Réalisation de courants de spins sur une puce atomique - Illustration: ULB

En 2007, une nouvelle famille de matériaux, nommés isolants topologiques, fut mise en évidence au laboratoire [Laboratoire dirigé par H. Buhmann à l'Institut de Physique de l'Université de Wurzburg]. Contrairement aux isolants habituels, qui ne conduisent pas de courant électrique, ceux-ci présentent des courants de spins qui circulent le long du bord des échantillons. De façon remarquable, ce transport de spins s'effectue sans perte d'énergie et se révèle extrêmement robuste face à des perturbations exercées sur le système. La robustesse de ce phénomène, nommé "effet Hall quantique de spin", s'explique de façon élégante au niveau théorique: lorsqu'il se manifeste, le matériau entre dans une nouvelle phase caractérisée par un invariant topologique (un nombre mathématique qui ne peut changer de valeur sous de petites déformations). Cette phase particulière de la matière est exotique, dans le sens où elle ne peut être classée selon les critères habituels développés par la théorie des transitions de phases.

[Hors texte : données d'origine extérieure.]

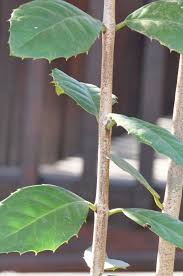 Image result for Elaeodendron croceum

Les matériaux caractérisés par l'effet Hall quantique de spin présentent malheureusement de nombreuses imperfections, comme des impuretés ou des interactions accidentelles entre les particules. Ces défauts masquent de façon considérable certains effets intéressants et rendent difficile l'application des isolants topologiques dans l'industrie. Une meilleure compréhension des isolants topologiques requière ainsi des dispositifs plus propres et maniables.

Les atomes froids, des atomes piégés et refroidis par des lasers, constituent un terrain de jeu idéal pour explorer les phases exotiques de la matière. Ces systèmes artificiels offrent en effet la possibilité de contrôler les interactions entre les particules et ne comportent pas d'impureté, contrairement aux matériaux classiques. Dans ce sens, les atomes froids sont des simulateurs quantiques qui exploitent des technologies expérimentales de pointe. En particulier, ces systèmes permettent de manipuler les spins des atomes avec une grande précision. Reproduire des isolants topologiques en contrôlant la dynamique de ces atomes froids offrirait une approche idéale de l'effet Hall quantique de spin au sein d'un laboratoire.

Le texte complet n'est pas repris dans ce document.